Abstract

The Elazığ region in eastern Taurus, Turkey, exposes Paleozoic–Tertiary metamorphic, magmatic, and sedimentary units. Contacts between the different units are mostly tectonic, but there are also primary sedimentary, and intrusive contacts. The metamorphic rocks of the Elazığ region are the Bitlis–Pütürge and Keban–Malatya massifs, which are a single tectonostratigraphic unit that has been tectonically disrupted and fragmented during the Upper Cretaceous. Magmatic rocks in the region are represented by ophiolitic units, magmatic arc products, and young volcanic rocks. The sedimentary units are represented by Upper Cretaceous – Tertiary marine and lacustrine sedimentary rocks.
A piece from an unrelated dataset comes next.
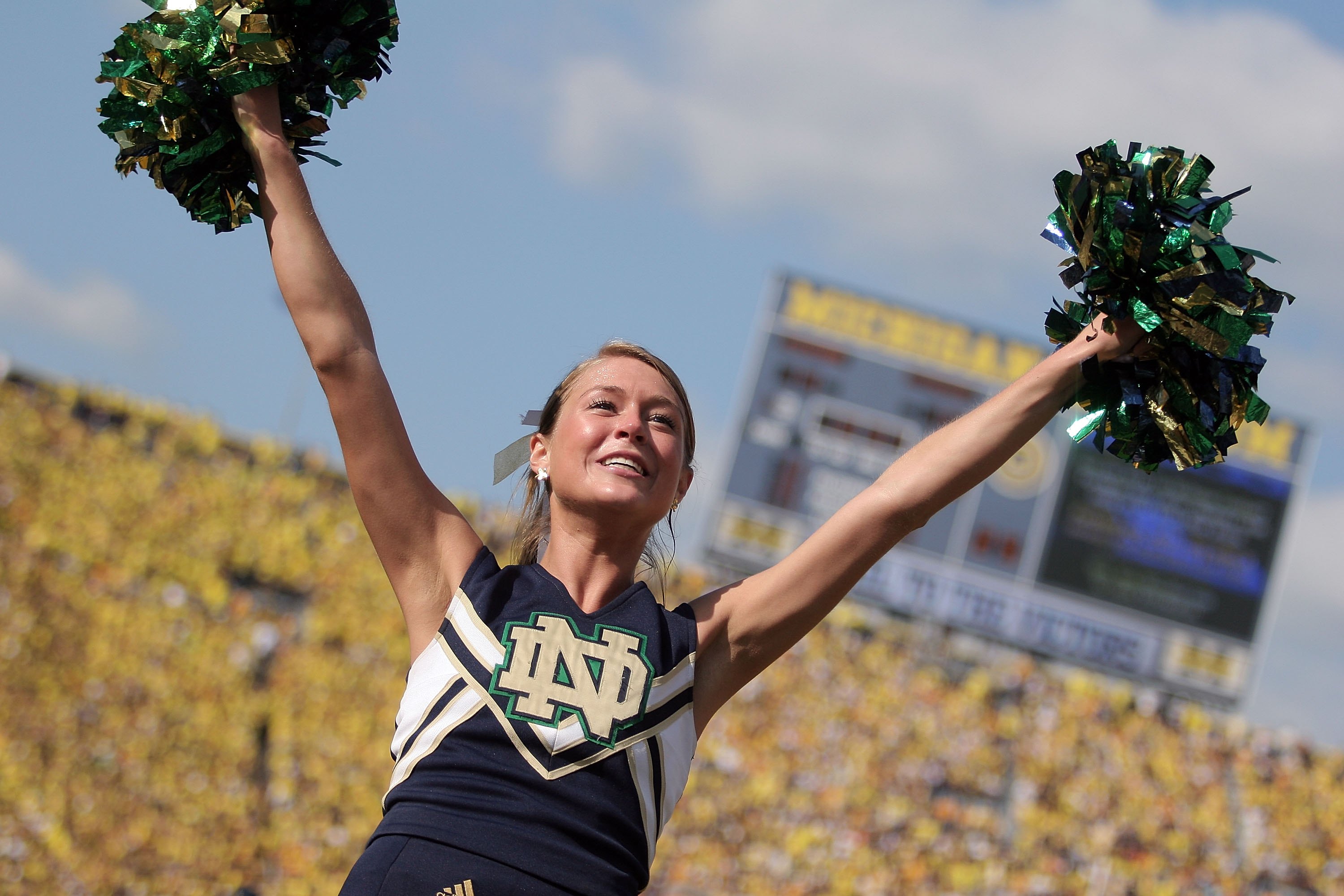 ANN ARBOR, MI - SEPTEMBER 12:  A Notre Dame cheerleader cheers on the visiting crowd against Michigan at Michigan Stadium on September 12, 2009 in Ann Arbor, Michigan.  (Photo by Domenic Centofanti/Getty Images)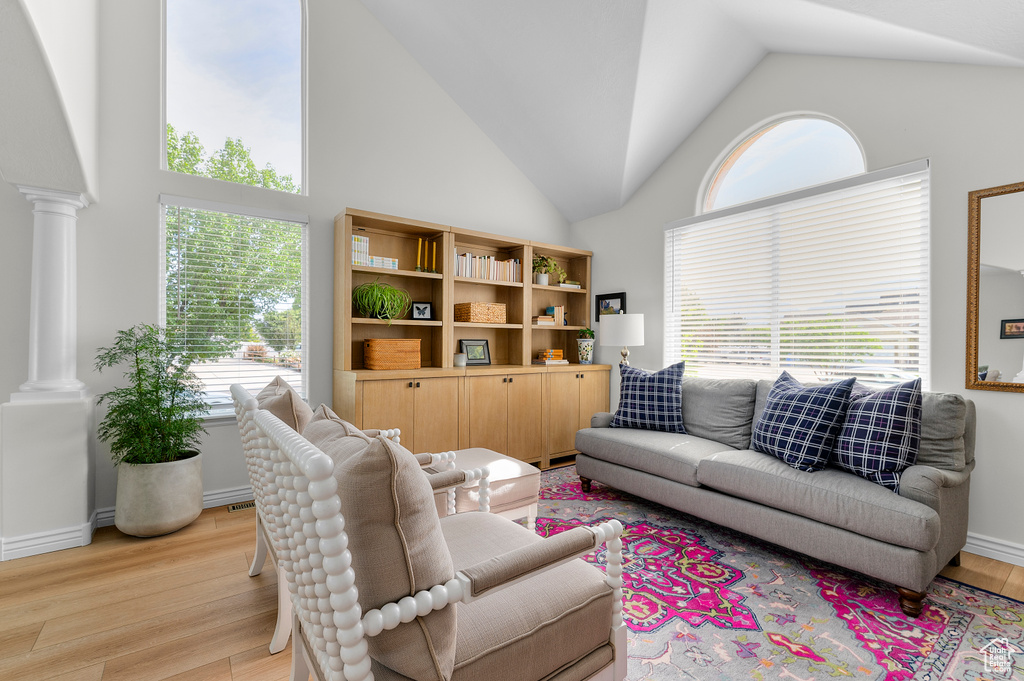 Living room with decorative columns, light wood-style floors, high vaulted ceiling, and baseboards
In the study area, the metamorphic units are represented by the Paleozoic Pütürge metamorphic rocks composed of phyllite, slate, mica schist, quartz–muscovite schist, calc-schist, and low-grade metamorphite. The ophiolite that is described in this paper is composed of wehrlite–pyroxenite, gabbro, diabase dykes, and dykes cutting gabbro. These units are cut by the granitic rocks of the Upper Cretaceous Elazığ magmatic suite. The lithological and geochemical data on the rocks of Kömürhan ophiolite indicate that these rocks were derived from crystallization of an enriched mid-ocean ridge basalt (MORB)-type magma. The Kömürhan ophiolite formed in a supra-subduction spreading zone during the Cretaceous; related to this event is the north-dipping subduction of the southern branch of Neo-Tethys ocean, which began spreading in the Late Triassic. The crust was thickened by the development of an island arc and by the thrusting of the Pütürge metamorphic rocks onto this island arc in response to north–south compression during the Late Cretaceous. The magma formed by partial melting of the subducted slab giving rise to granitic rocks that cut the upper parts of the ophiolite. The ophiolite and the Elazığ magmatic suite attained their present position after the Middle Eocene.